### PROMPT
Write out the listing, please, but only from its first line through the line containing "Bồn tắm dài", exactly as given and without pictures.

### ENTRIES PROVIDED
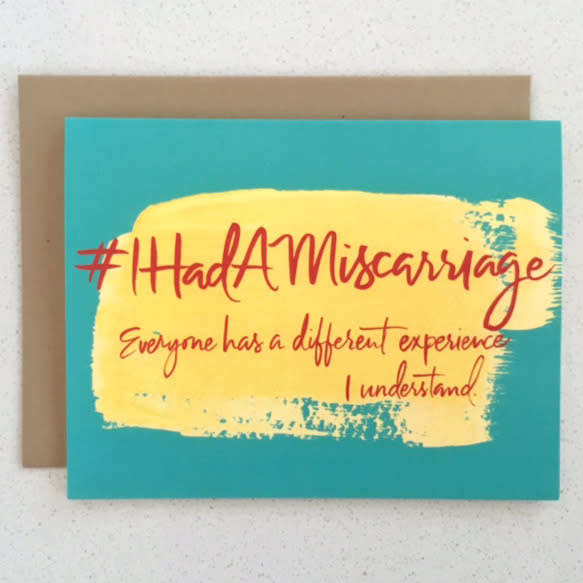 A card that acknowledges everyone’s miscarriage experience is different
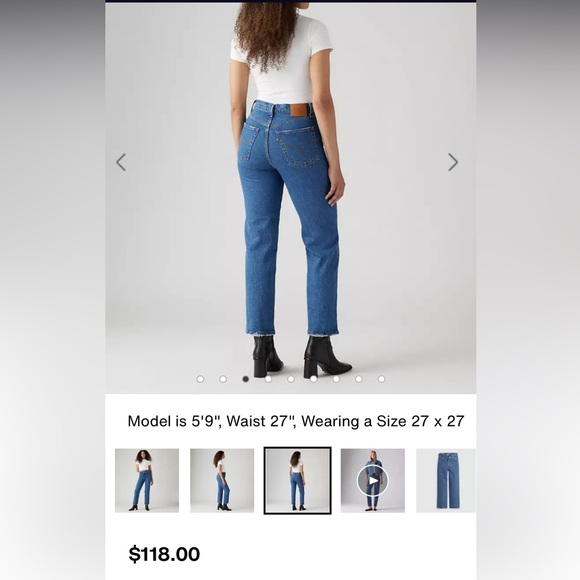 LEVI’S RIBCAGE STRAIGHT JEANS — 26 - Picture 2 of 7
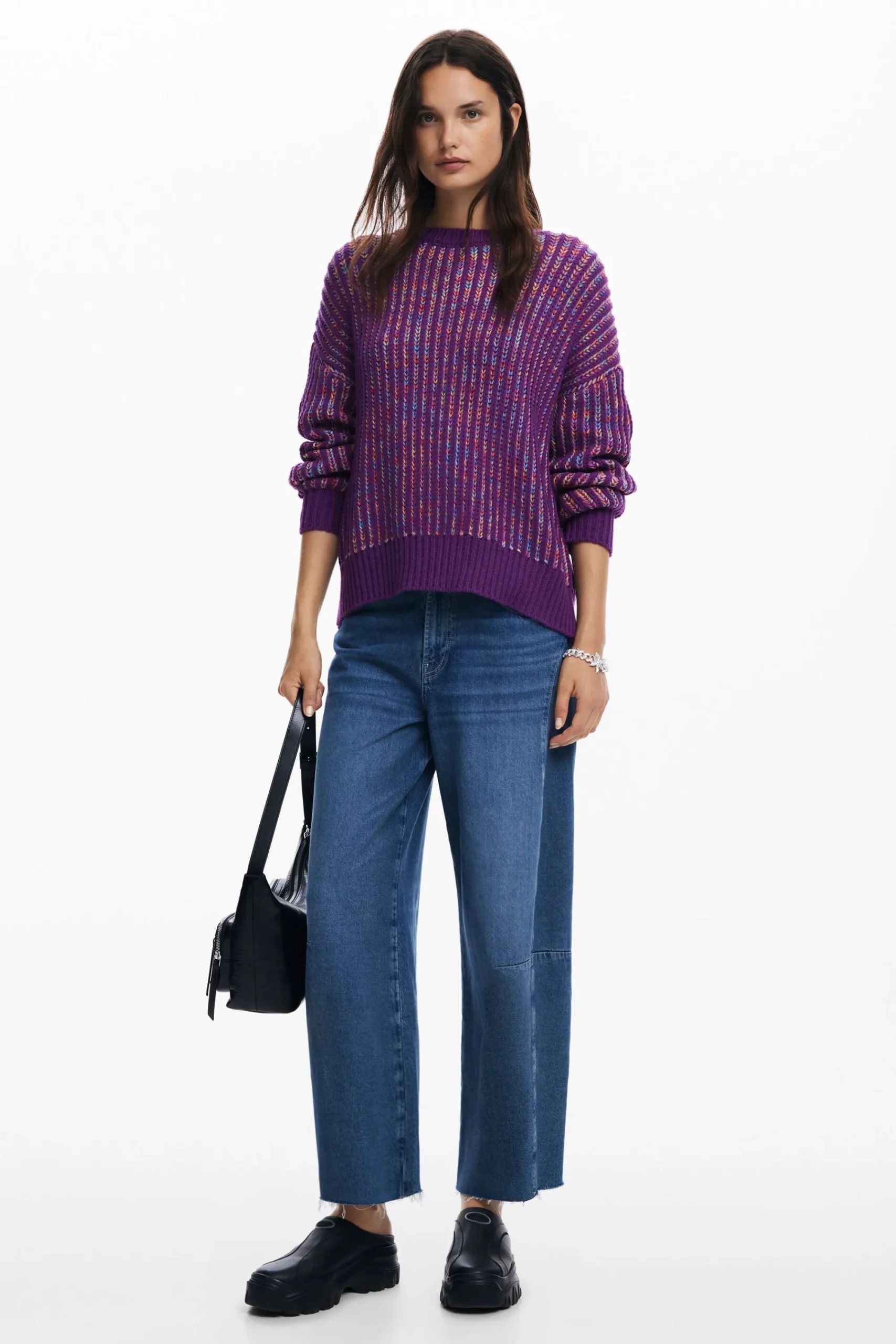 Ropa De Punto|Jerséis-Desigual Jersey punto rayas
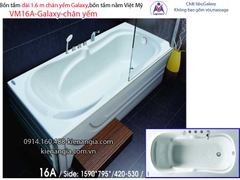 Bồn tắm dài Việt Mỹ galaxy chân yếm 16 mét VM16A-Galaxy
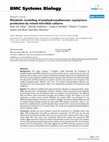 Research paper thumbnail of Metabolic modelling of polyhydroxyalkanoate copolymers production by mixed microbial cultures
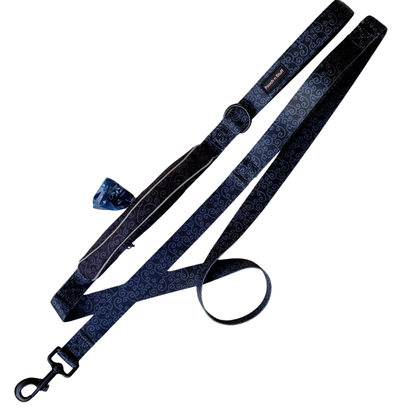 Double-Handle Traffic Lead with Built-In Poo Bag Holder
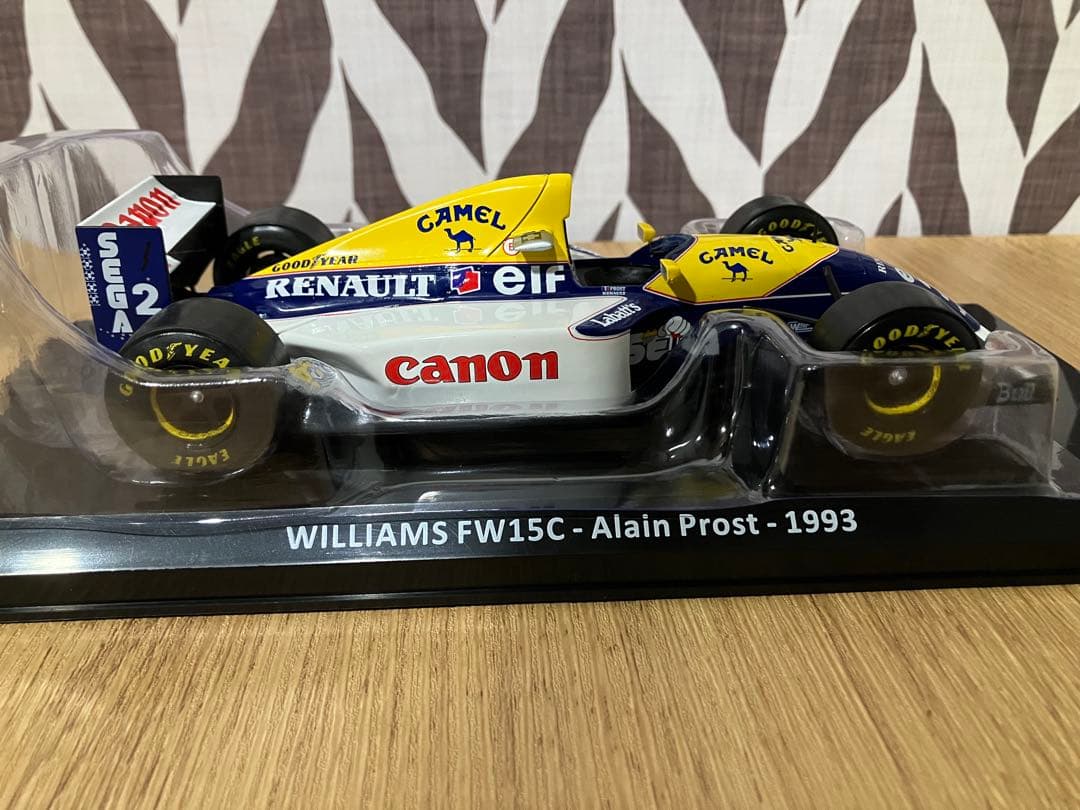 日本未発売　camel仕様 ビッグスケールF1コレクション　FW15C プロスト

### OUTPUT
 A card that acknowledges everyone’s miscarriage experience is different
 LEVI’S RIBCAGE STRAIGHT JEANS — 26 - Picture 2 of 7
 Ropa De Punto|Jerséis-Desigual Jersey punto rayas
 Bồn tắm dài Việt Mỹ galaxy chân yếm 16 mét VM16A-Galaxy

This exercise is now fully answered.